Im Lande des Blutes und der Tränen is the original title of the book which Jakob Künzler, a Swiss doctor and humanitarian, wrote during a brief vacation he took in Switzerland in 1919-1920 from his deployment in east Anatolia. His account is noteworthy, and even unique, for a number of reasons. First, the author was a neutral observer, "neutral" not only because his country was not among the belligerents in the First World War, but also because he was simply a humanitarian aid worker, a doctor who had heeded the call to lend assistance to his fellow man in a very distant land. His account is also of crucial historical significance, in that Künzler, in order to fulfill his mission, had to entertain cordial relations with the Turkish authorities; as a result, he was inadvertently privy to discussions among them, which document the fact (disputed by the Turkish side) that the mass deaths among Armenians were indeed the result of a conscious, premeditated policy of extermination. Künzler’s account is furthermore precious because it is a first-hand report. The great German pastor, doctor and humanitarian worker Johannes Lepsius compiled the first comprehensive report on the genocide, but it was based on stories he pulled together from numerous eye-witnesses, from his station in Constantinople, since he had not been allowed to travel inland during the massacres.(1) Kuenzler, on the other hand, was located in Urfa, a transit point for the deportations. He saw with his own eyes, how the extermination policy was ruthlessly implemented. He not only witnessed the events, but was actively involved in lending aid to the victims. His valiant effort to take 8,000 Armenian orphans to safety earned him the name of “Papa Kuenzler.” In the course of his work, he also bore testimony to the fact that many Turkish citizens intervened spontaneously to save Armenians, especially children. This was a decisive factor in his pursuit of reconciliation. His groundbreaking proposal for reconciliation, published in 1928, is included in the new English volume.

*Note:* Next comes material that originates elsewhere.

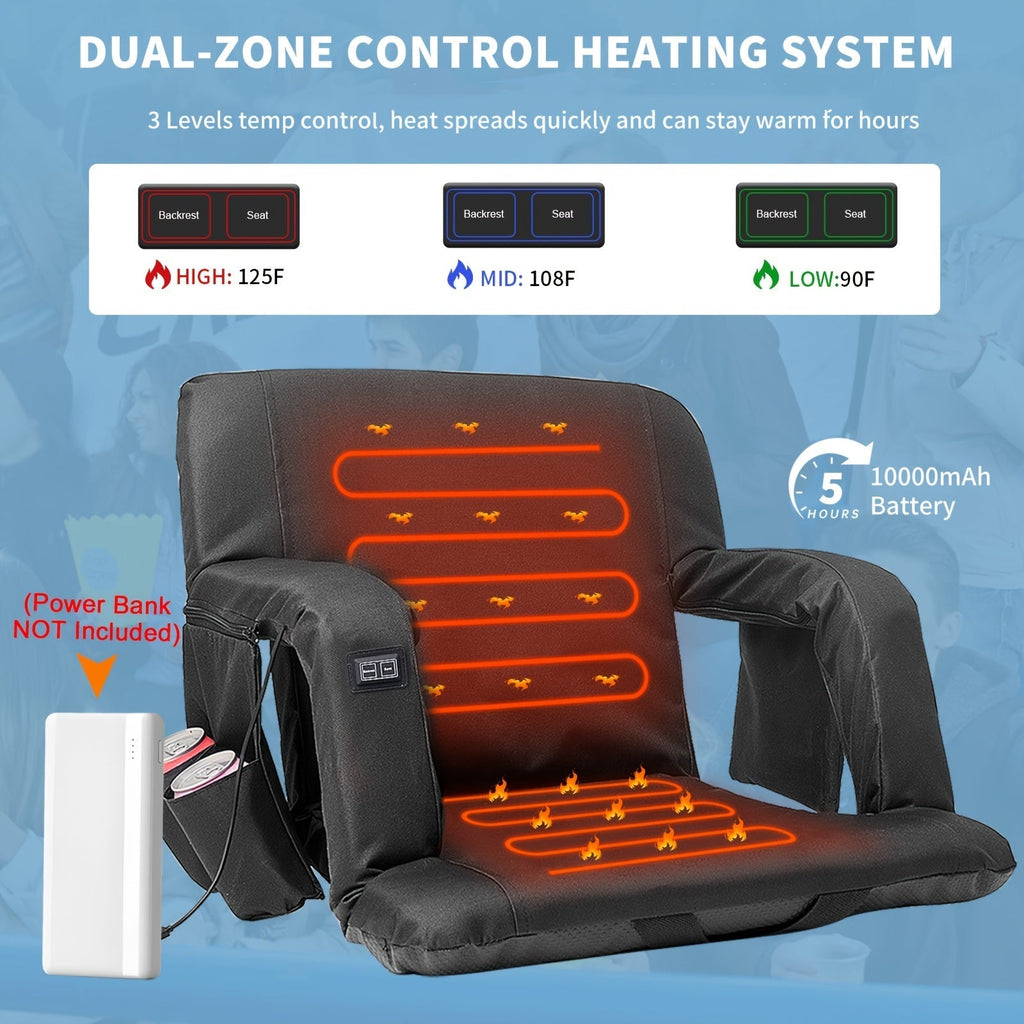 LILYPELLE Double Heated Stadium Seat with Back & Arm Support – Portable Bleacher Seat with 6 Reclining Positions, USB Heated Cushion for Sports Events, Outdoor Games, Travel & Hiking (Power Bank Not Included)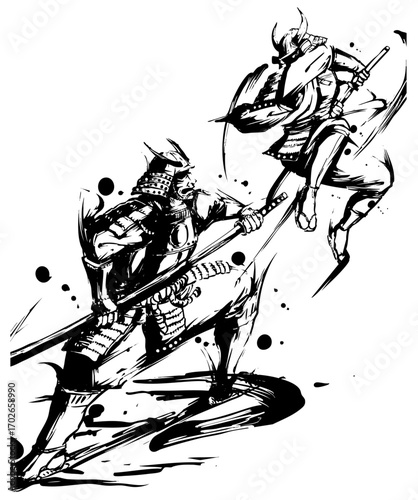 Clash of Armored Samurai Warriors – Sumi-e Ink Art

Significantly, Jakob Künzler was himself an orphan. As his last surviving child, Elibet Künzler Marshall, noted in remarks at the book launch, Künzler had lost both parents by the tender age of 11. His wife had also become an orphan at 7. Künzler had been particularly moved by accounts he had read of the Hamidian massacres of Armenians in the 1890s, especially the horrendous, so-called twin massacres in Urfa on December 28 and 29, 1895, when 8,000 perished. As Dr. Vahakn N. Dadrian, director of the Zoryan Institute and the leading expert on the Armenian Genocide reported in his contribution to the book, on that December 29, an estimated 2,500 Armenians had taken refuge in the Urfa cathedral. Thirty cans of kerosene were thrown into the building which was then set afire. All those within were incinerated. In the overall carnage in Urfa those two days, an estimated 9,000 or 10,000 were killed, half the Armenian population in the city.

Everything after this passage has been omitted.